[Short web captions]
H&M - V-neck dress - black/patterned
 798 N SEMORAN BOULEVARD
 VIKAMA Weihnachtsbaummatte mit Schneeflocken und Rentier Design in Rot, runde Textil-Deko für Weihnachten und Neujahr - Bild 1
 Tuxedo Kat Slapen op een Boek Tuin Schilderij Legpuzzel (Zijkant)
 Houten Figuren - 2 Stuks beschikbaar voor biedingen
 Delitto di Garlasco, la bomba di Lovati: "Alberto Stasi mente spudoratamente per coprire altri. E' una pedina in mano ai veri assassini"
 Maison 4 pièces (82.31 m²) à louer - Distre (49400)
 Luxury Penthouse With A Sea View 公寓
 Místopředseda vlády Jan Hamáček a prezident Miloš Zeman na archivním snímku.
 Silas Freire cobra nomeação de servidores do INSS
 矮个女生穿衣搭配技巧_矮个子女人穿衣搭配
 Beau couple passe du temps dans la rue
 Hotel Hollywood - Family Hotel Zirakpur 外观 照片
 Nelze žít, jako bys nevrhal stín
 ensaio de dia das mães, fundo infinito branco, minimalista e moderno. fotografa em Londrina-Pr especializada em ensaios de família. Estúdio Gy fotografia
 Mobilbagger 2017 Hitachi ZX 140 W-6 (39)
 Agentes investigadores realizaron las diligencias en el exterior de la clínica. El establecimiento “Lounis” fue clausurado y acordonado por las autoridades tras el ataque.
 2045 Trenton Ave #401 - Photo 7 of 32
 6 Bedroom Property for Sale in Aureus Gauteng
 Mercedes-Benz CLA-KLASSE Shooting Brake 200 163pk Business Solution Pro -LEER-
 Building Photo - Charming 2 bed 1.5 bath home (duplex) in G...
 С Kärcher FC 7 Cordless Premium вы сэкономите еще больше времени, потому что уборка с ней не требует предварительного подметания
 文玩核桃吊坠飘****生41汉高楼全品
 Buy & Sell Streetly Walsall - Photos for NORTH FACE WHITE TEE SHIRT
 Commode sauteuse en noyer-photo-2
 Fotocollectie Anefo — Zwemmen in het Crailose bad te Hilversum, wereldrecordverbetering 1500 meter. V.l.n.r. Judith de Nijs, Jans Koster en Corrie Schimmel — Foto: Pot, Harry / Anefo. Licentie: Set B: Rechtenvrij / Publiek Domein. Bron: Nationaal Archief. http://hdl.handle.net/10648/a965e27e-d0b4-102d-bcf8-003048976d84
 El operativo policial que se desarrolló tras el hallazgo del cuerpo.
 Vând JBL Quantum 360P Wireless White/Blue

> [ABOUT THIS TASK] Return, word for word, every line from the top of the entries down to the line that holds "Luxury Penthouse With A Sea View 公寓", both included.

> [REPLY]
H&M - V-neck dress - black/patterned
 798 N SEMORAN BOULEVARD
 VIKAMA Weihnachtsbaummatte mit Schneeflocken und Rentier Design in Rot, runde Textil-Deko für Weihnachten und Neujahr - Bild 1
 Tuxedo Kat Slapen op een Boek Tuin Schilderij Legpuzzel (Zijkant)
 Houten Figuren - 2 Stuks beschikbaar voor biedingen
 Delitto di Garlasco, la bomba di Lovati: "Alberto Stasi mente spudoratamente per coprire altri. E' una pedina in mano ai veri assassini"
 Maison 4 pièces (82.31 m²) à louer - Distre (49400)
 Luxury Penthouse With A Sea View 公寓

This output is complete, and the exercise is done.